Me lo dijo un pajarito

Maxi Olariaga

BARBANZA

07 feb 2016 . Actualizado a las 05:00 h.

Ahora que ya mi desvencijada nave va doblando el cabo del fin del mundo, ahora que crujen sus amuras, vacila su quilla y alabean sus mástiles, en las largas noches de insomnio, me viene frecuentemente a la memoria aquel pajarito que le contaba a mi madre mis pecados. Me dijo un pajarito que esta mañana no fuiste a la escuela, me apremiaba. Y yo que había estado toda la mañana zascandileando y apedreando lagartos en el muro de los Franciscanos mientras abarrotaba de moras mi boca, me preguntaba cuál de todos los pájaros con los que me había cruzado le había ido con el cuento. Desconfiaba de un mirlo, un solitario, una mancha negra de pico rojo que caminaba a saltitos buscando alimento bajo las camelias. Me quedaba mirándolo mientras se buscaba la vida indiferente a mi presencia y cuanto más lo observaba más se afirmaba mi sospecha. Me lo dijo un pajarito, decía mi madre cuando llegaba del Frente de Juventudes de Falange, cosa que tenía rigurosamente prohibida, y a mí se me atragantaban las palabras con las que explicarle que era el único lugar en el que había una mesa de pingpong.
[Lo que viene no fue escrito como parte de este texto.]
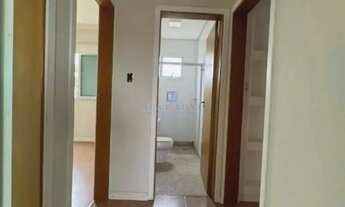 Imagem 11: Apartamento com 3 dormitórios à venda, 100 m² por R$ 750.000 - Santa Doroteia - Pouso Aleg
Arrebatado por la furia me acercaba a las camelias y acechaba al mirlo que por allí seguía a lo suyo, picoteando acá y allá sin inmutarse. Me lo dijo un pajarito me espetó mamá el día que supo que me gustaba María Ester, una perla con trencitas hija de un Guardia Civil de Calatayud, destinado en Noia. Aquel día me sentí herido y me fui a buscar al mirlo armado con mi arco de ballestas de paraguas. Pero el pájaro me desarmó con una sola mirada. Se detuvo un momento entre picoteo y picoteo, me miró sorprendido e inocente y se echó a volar hasta asentarse en lo más alto de un magnolio. No puede ser él, me dije, y decepcionado volví a casa. Mamá me puso de cena un chocolate con picatostes y lo aparté como si fueran tripas de pescado. ¿Te encuentras mal? preguntó acariciándome el pelo. Las lágrimas se amontonaron en mis ojos como una catarata: ¡Pregúntale a tu pajarito! contesté mientras corría a esconderme en mi cuarto. Recuerdo entre la oscuridad como besó mi frente y avió las sábanas.
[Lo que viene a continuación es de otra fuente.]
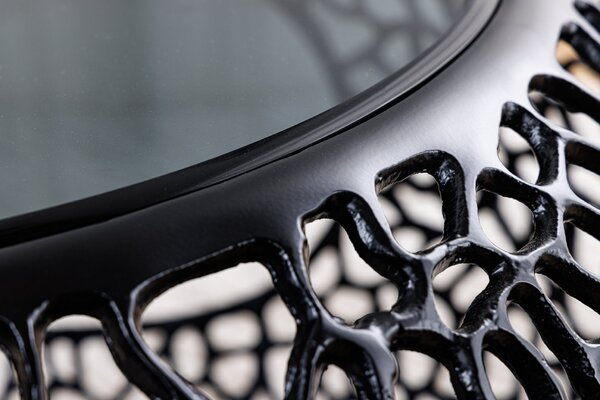 Couchtisch SPIN der Firma Casa Élite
Aquella noche soñé con el mirlo y con cientos de bandadas de golondrinas que me llevaban acostado sobre su colcha de plumas camino del sur. Mamá nunca más me habló del pajarito que conocía todos mis secretos y ahora echo de menos que alguien lo haga. Hace unos días le dije al hijo de unos amigos, un mocito de diez años, que un pajarito me había dicho que jugaba muy bien al fútbol. Sin levantar los ojos de la pantalla de su móvil, me contestó: los pájaros no hablan. En aquella hora sentí una bofetada gélida y afilada como la nevisca. Por la tarde, caminado bajo las camelias volví a ver al mirlo, tan avejentado como yo, que seguía inquieto buscando su sustento en las semillas que escondía el césped. Le dije que los niños no creían en los pajaritos que conocían sus secretos y, créanme, pude ver como una lagrimita de nácar se deslizaba plumas abajo como un río de plata sobre su manto negro. Se fue para siempre y yo busqué amparo en el cielo nublado que anunciaba tormenta y recordé a mamá. Por fin había encontrado al pajarito que le contaba mis aventuras en los lejanos días de Catón y tiza en los que mi vida comenzó a escribirse en el encerado de la escuela.